3. China unveils world’s largest solar farm

The world’s largest solar farm just came online. The 5-gigawatt, 200,000-acre farm is located in China’s Xinjiang region, and was officially connected to China’s grid on Monday. It’s one piece of China’s larger “megabase” initiative to install 455 GW of wind and solar. The new farm will generate about 6 billion kilowatt hours of electricity each year, making it “powerful enough to meet the electricity demands of a country the size of Luxembourg or Papua New Guinea,” as Anthony Cuthbertson at the Independent put it. The second- and third-largest solar farms (by capacity) are also located in China. A recent report from the International Energy Agency called China the world’s “renewable powerhouse” because it accounts for nearly 60% of the world’s new renewable capacity that will become operational by 2028.
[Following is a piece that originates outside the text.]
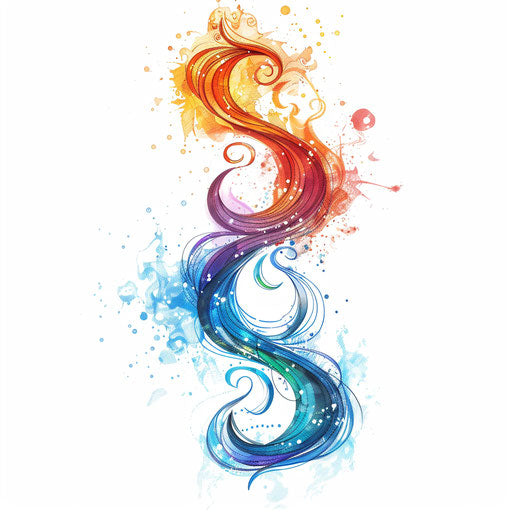 Symbolic tattoo: three dots, water, fire, air elements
4. German floods spread into neighboring countries

Southern Germany has been absolutely hammered by torrential rain in recent days, resulting in overflowing rivers and deadly floods. Five people have died in the disaster. To give you a sense of how bad the situation is, more than a month’s worth of rain fell in the region between Friday and Monday, and water levels in the city of Passau rose by 32 feet. German Chancellor Olaf Scholz reminded everyone that this kind of weather is not normal, saying that “we must not neglect the task of halting man-made climate change.”

Cleanup begins in a flooded town in Germany.Thomas Niedermueller/Getty Images

The rain is easing up now and some towns are starting their cleanup efforts, but all that water has to go somewhere, and BBC reports it’s headed down the Danube River into Austria, Hungary, and possibly Slovakia. Already the river burst its banks in the Austrian city of Linz, and Austria has halted all shipping activity in the river.
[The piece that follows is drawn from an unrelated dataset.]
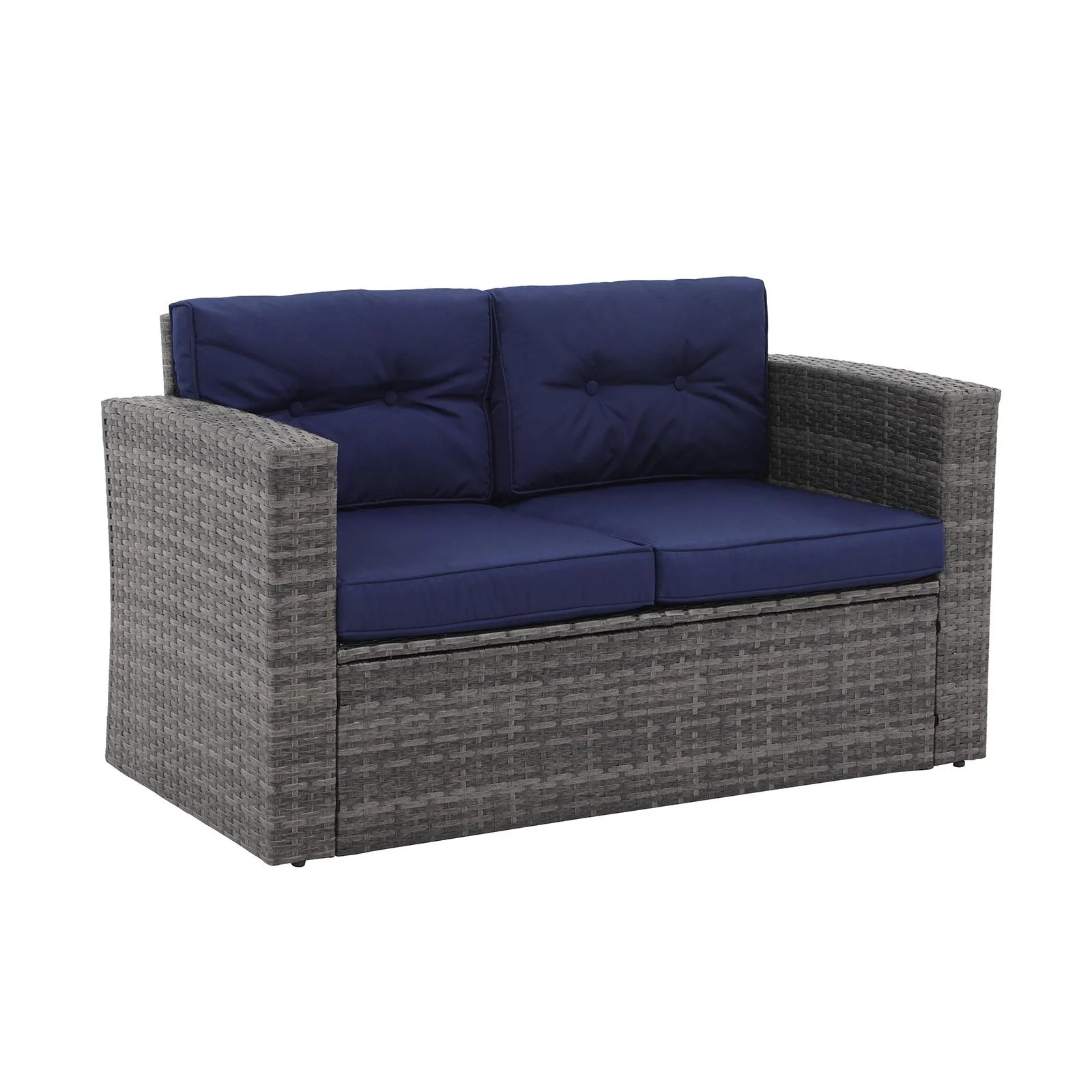 JOIVI Patio Outdoor Wicker Loveseat Sofa, Patio Furniture Rattan 2-seat Couch with Cushions for Outside Balcony, Porch, Deck, Garden, Navy Blue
5. California city votes to cancel contentious geoengineering study

A first-of-its-kind geoengineering research project in California has been officially canceled. The research, conducted by a team from the University of Washington, involved spraying sea salt aerosol particles into the air using an instrument situated on a decommissioned aircraft carrier in Alameda, California. This process has been pitched as a way to brighten clouds and reflect the sun’s rays to cool the planet. Because studies on manipulating the climate are so controversial, the researchers kept the project on the downlow until it was up and running, and this lack of transparency – rather than any safety concerns – seems to have really rubbed city officials the wrong way. The Alameda City Council voted this morning to reject the experiment. “You didn’t start out on the right foot,” Alameda Mayor Marilyn Ezzy Ashcraft told the researchers.

The dispute may be a little preview of things to come. “There’s a fair number of people who think there shouldn’t be research [on geoengineering], and these early experiments have become a proxy battleground for this larger question about how to think about the development of these technologies,” David Keith, director of the Climate Systems Engineering Initiative at the University of Chicago, told The Washington Post.

THE KICKER

The Thomas Edison Birthplace Museum in Ohio is now powered by rooftop solar.